The signs that the national interest was being sacrificed by an unaccountable extra-constitutional entity wielding immense power, whose foreign background, antecedents, travels and interactions – both within India and abroad - have never been fully investigated or allowed to be revealed was suspected by many in political, and media circles and certainly by all those in close proximity to the power hierarchy in the capital, not to mention foreign circles. The prime minister’s acquiescence to diktats from 10 Janpath are recorded in Baru’s book; what has not been recorded is the utter helplessness and lack of spine shown by the man when he was bypassed by ministers and bureaucrats, including in the PMO, carrying out instructions of Mrs. Gandhi without even keeping him informed. Close friends of the PM whom he confided in often have revealed his anguish at some of the incidents where he was kept totally in the dark. One of these, according to sources close to the PM relates to the de-freezing of Quatrochi’s account in the UK . The matter was sub judice. Yet it is most unlikely that the Law or Home ministries would have kept record of the directions for its execution.  

            Such serious misconduct should have alarmed the entire cabinet and the senior civil servants in the government. Apparently no one protested in the charmed circle of ministers appointed by Soniaji. One of the biggest anti-national acts was carried out by the lady right at the beginning of UPA I when she selected Shivraj Patil to be the Home Minister of India at a time when the country was exposed to serious threats from terrorism, both home grown and from across the border(s); a good parliamentarian who was clearly out of his depth as home minister. He had been placed there with a one-point agenda: to clear all cases against Quattrochi. He delivered admirably and finally when his deficiencies could not be condoned any longer after 26/11 he was relieved among strong public clamour and replaced by Mr. Chidambram, a far abler person for the job. On occasions when the media criticized Mr. Patil he was on record as saying that he was satisfied that the authority that had placed him in the home minister’s chair was pleased with his performance. Evidently that is all he cared about. Madam was pleased. He had delivered. It began and ended there. How did it matter what the nation felt. The Law Ministry played its part equally admirably. Both the law and the home ministers, when the pressure to replace them could not be opposed any longer were dispatched as governors, rewarded for outstanding devotion to duty – not to the nation; to the lady at 10 Janpath. Not a whimper from the PM or his cabinet colleagues. Examples from other ministries and agencies – many now in the public domain or part of PILs before the Court – abound. In a few years they will all come tumbling out. Actually what happened in the UPA decades when Sonia G wielded unchallenged power was a throw back to an earlier era. She was privy to the fact that during Rajiv Gandhi’s regime Quatrochi wielded enormous power. He could walk into almost any ministry without let or hindrance and influence decisions. He was a law unto himself. Sonia Gandhi evidently watched the master influence peddler with awe and admiration. She did not know that she would have her day. It came sooner than she expected.
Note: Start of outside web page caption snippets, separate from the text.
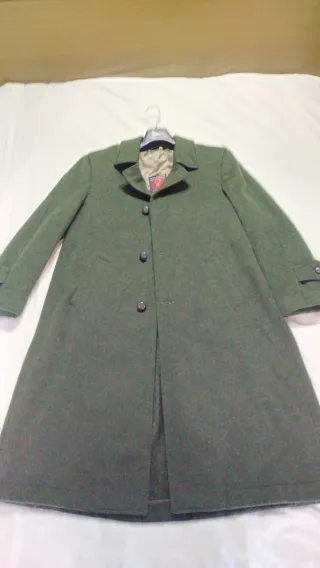 Abrigo Loden Lana 100% Austria Talla L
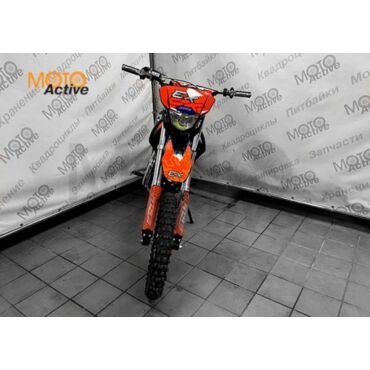 Питбайк BSE EX125 17 14 Blue Orange Ant (040) - миниатюра 1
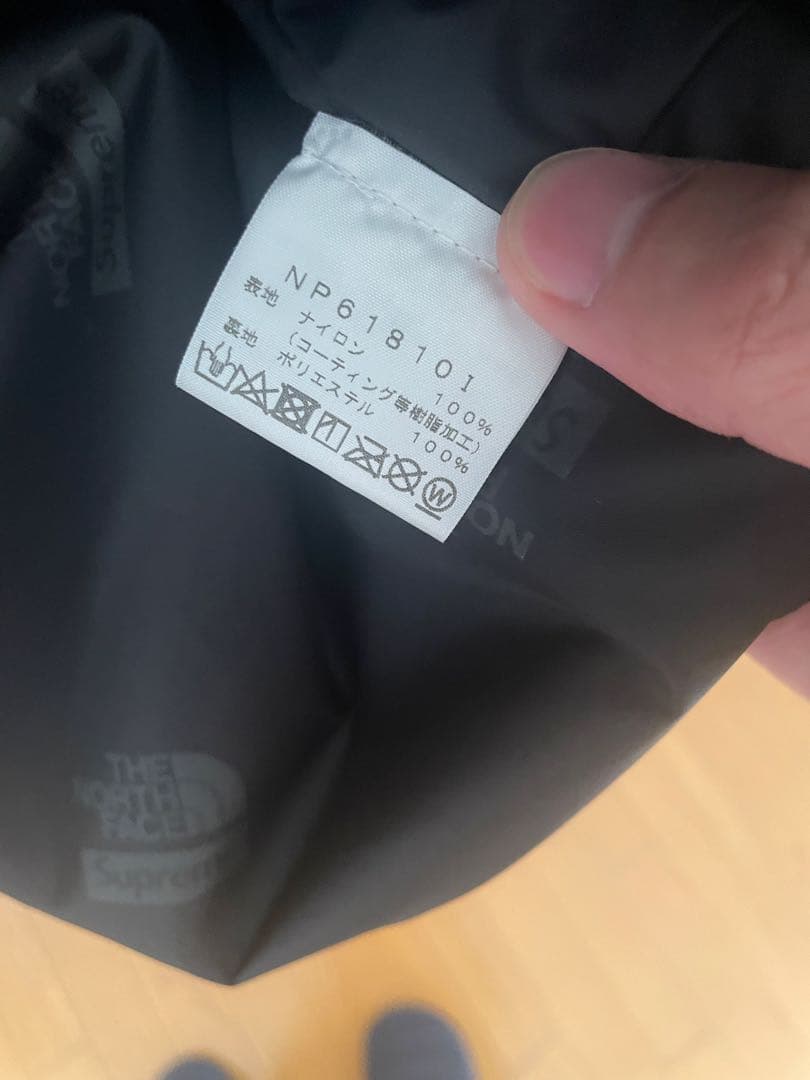 Supreme×north face expedition jacket L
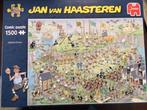 Jan van Haasteren 1500 stukjes, Hobby en Vrije tijd, Zo goed als nieuw, Ophalen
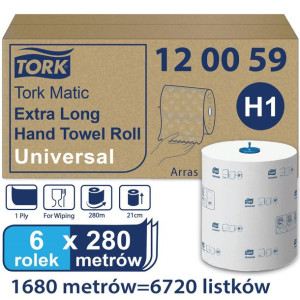 Tork 120059 ręcznik ekstra długi w roli 280m a'6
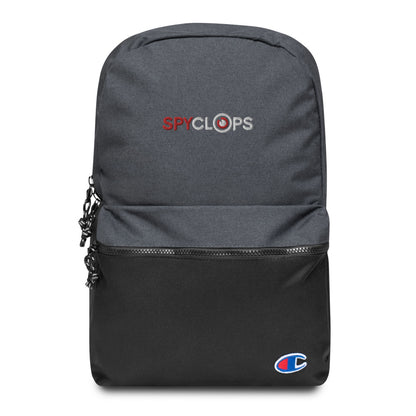 SpyClops-Embroidered Champion Backpack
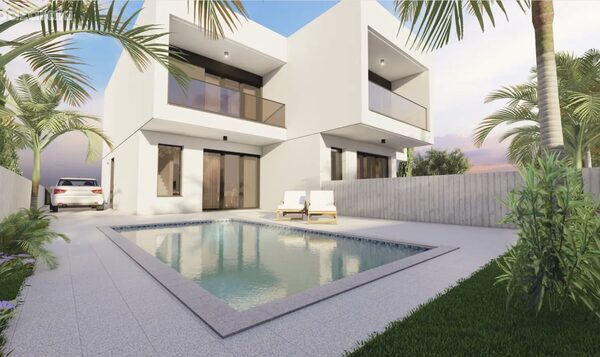 houses в perivolia, Кипр, 115.00м² - изображение 2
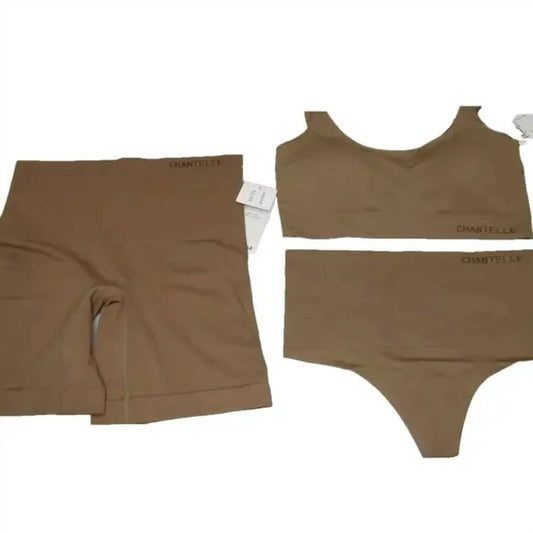 Chantelle - Women's Shapewear Smooth Comfort Top & Bottom Set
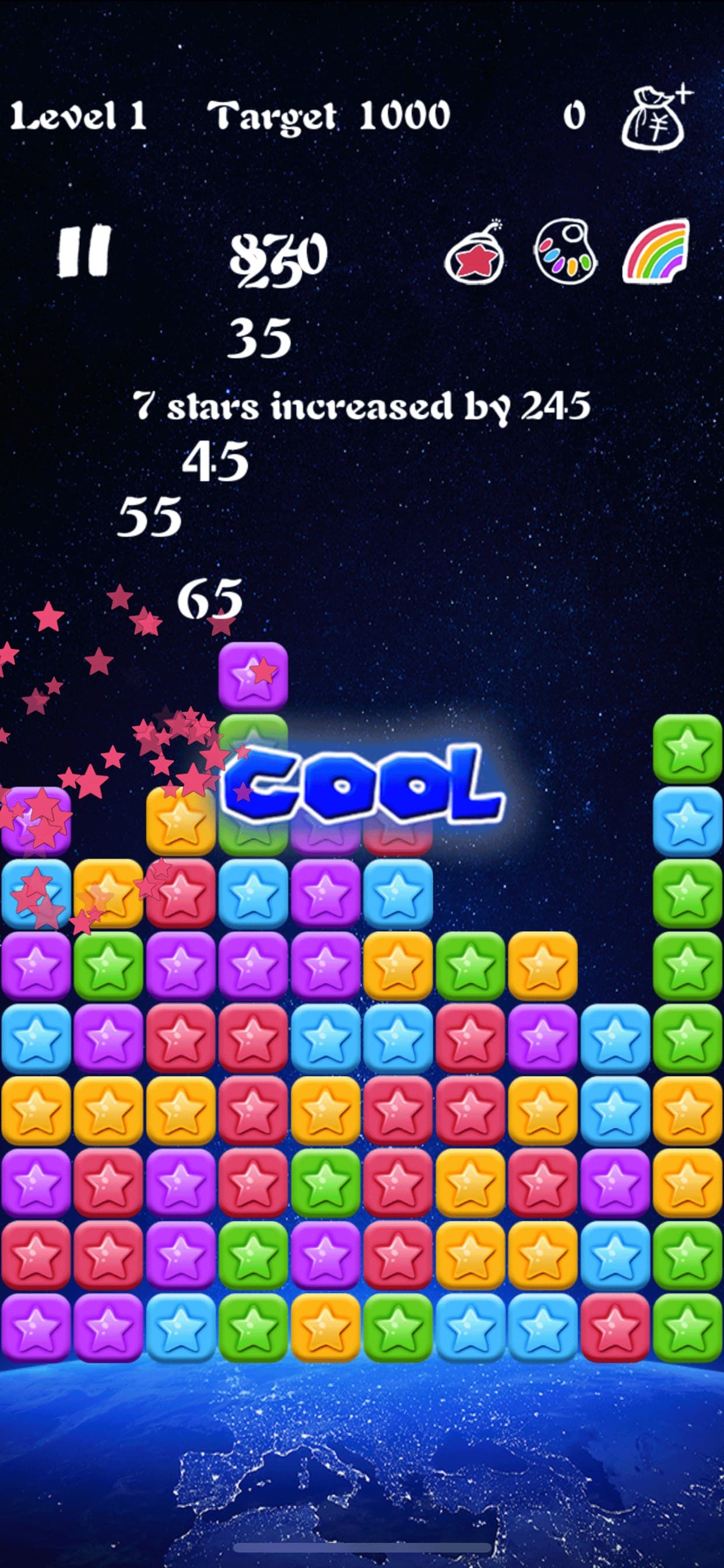 Pop Star,Puzzle Games Popping screenshot 1 - screenshot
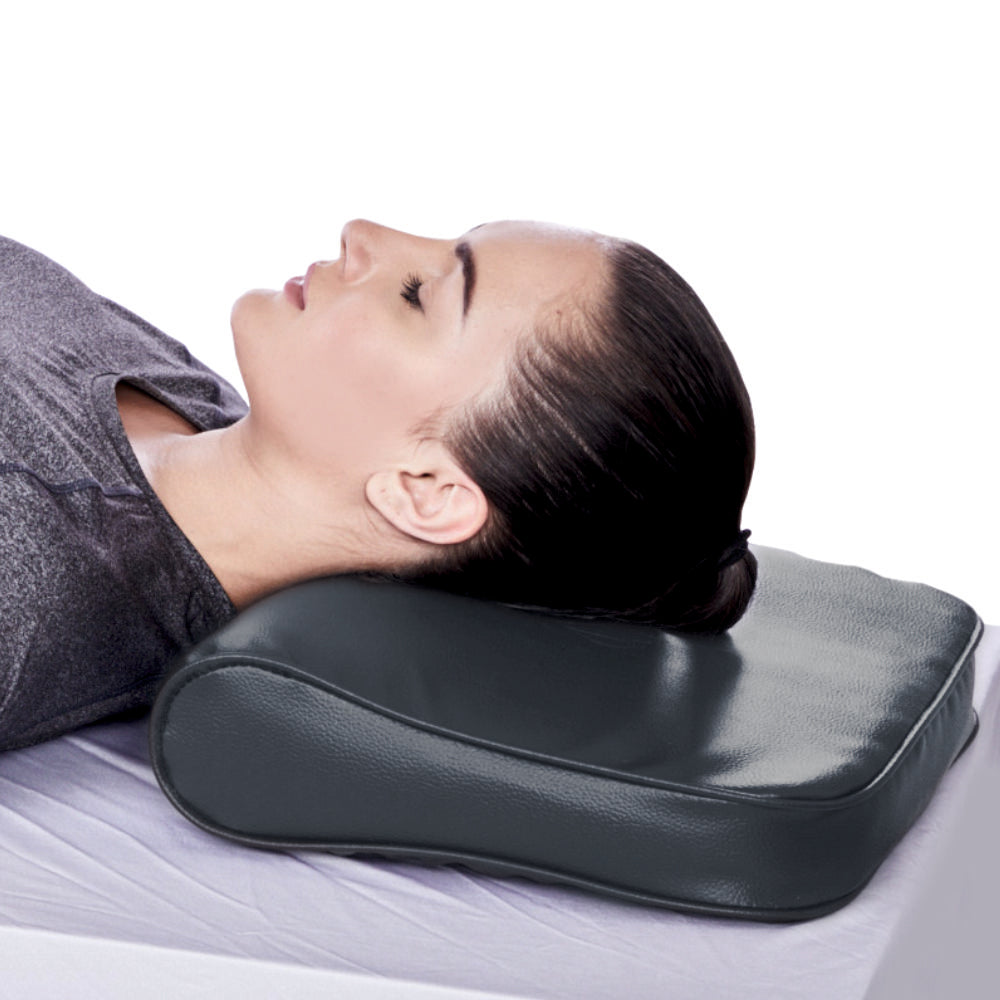 Vissco Cervical Pillow (Regular) | Prevents Cervical Spondylitis, Mild Sprain & Stiff Neck (Grey)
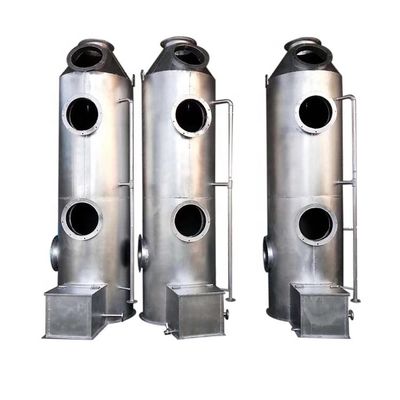 Equipamento de tratamento de resíduos industriais para serviços personalizados de HCL/NH3/HF/H2SO4/NAOH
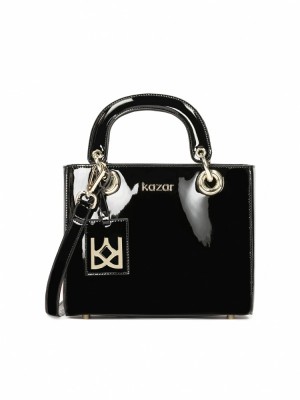 Handbags Kazar Muse Damskie Czarne | 091ZYURSX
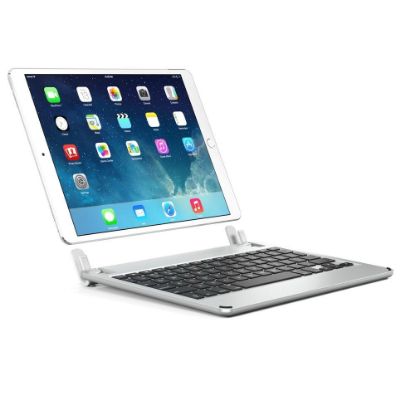 Bild von "QWERTZ" Bluetooth Tastatur für Apple iPad Air 10.5 (2019), Silber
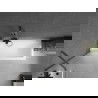 Mexen Next paravan pentru cadă cu 1 canat 60 x 150 cm, mat, gri armă periat - 895-060-000-00-30-66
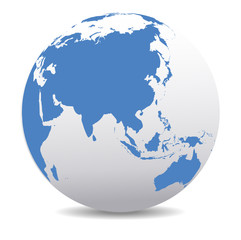 China and Asia, Global World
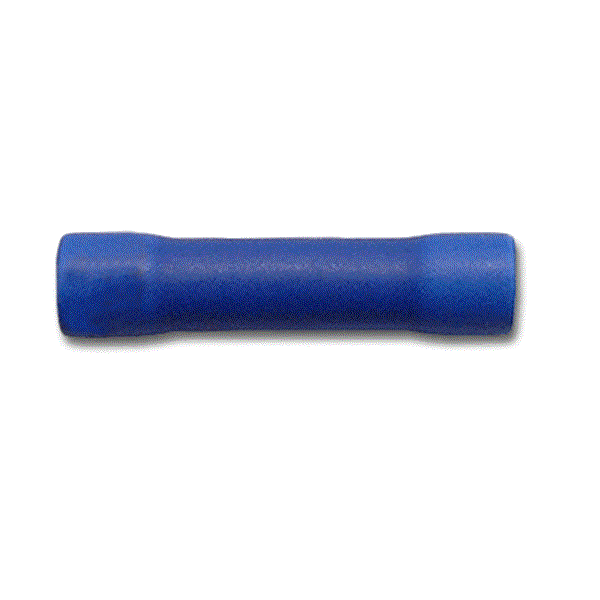 FULLY INSULATED BLUE STRAIGHT CONNECTOR (1.5-2.5)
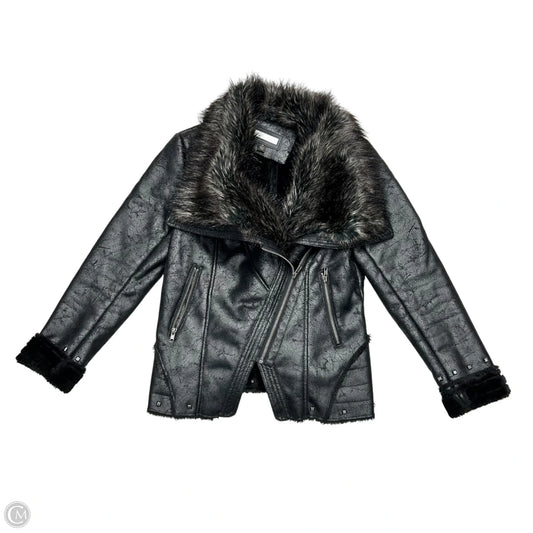 Coat Other By Black Rivet In Black, Size: Xs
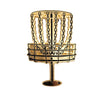 Gold Basket Black Chains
            Denials about classified files being shown in 10 Janpath are not likely to convince the people of India . There would be many in the government who would be willing to swear to the goings-on on affidavit were they to be summoned by the courts should a new government or the courts decide on a SIT to investigate the comprehensive destruction of parliamentary democracy as embodied and embedded in the PM and the Council of Ministers according to the Constitution. Several pronouncements and actions from 10 Janpath bespeak a good grasp of classified matters. There can hardly be any doubt that the list of holders of illegal monies stashed abroad was made know to her and through her to the charmed 10 Janpath circle. A RTI query was passed around between the cabinet secretary and the MEA without eliciting any worthwhile response. Questions are bound to arise as to whether such information was used to keep the wrong-doers in check or whether they were made to part with some of the wealth – to whom?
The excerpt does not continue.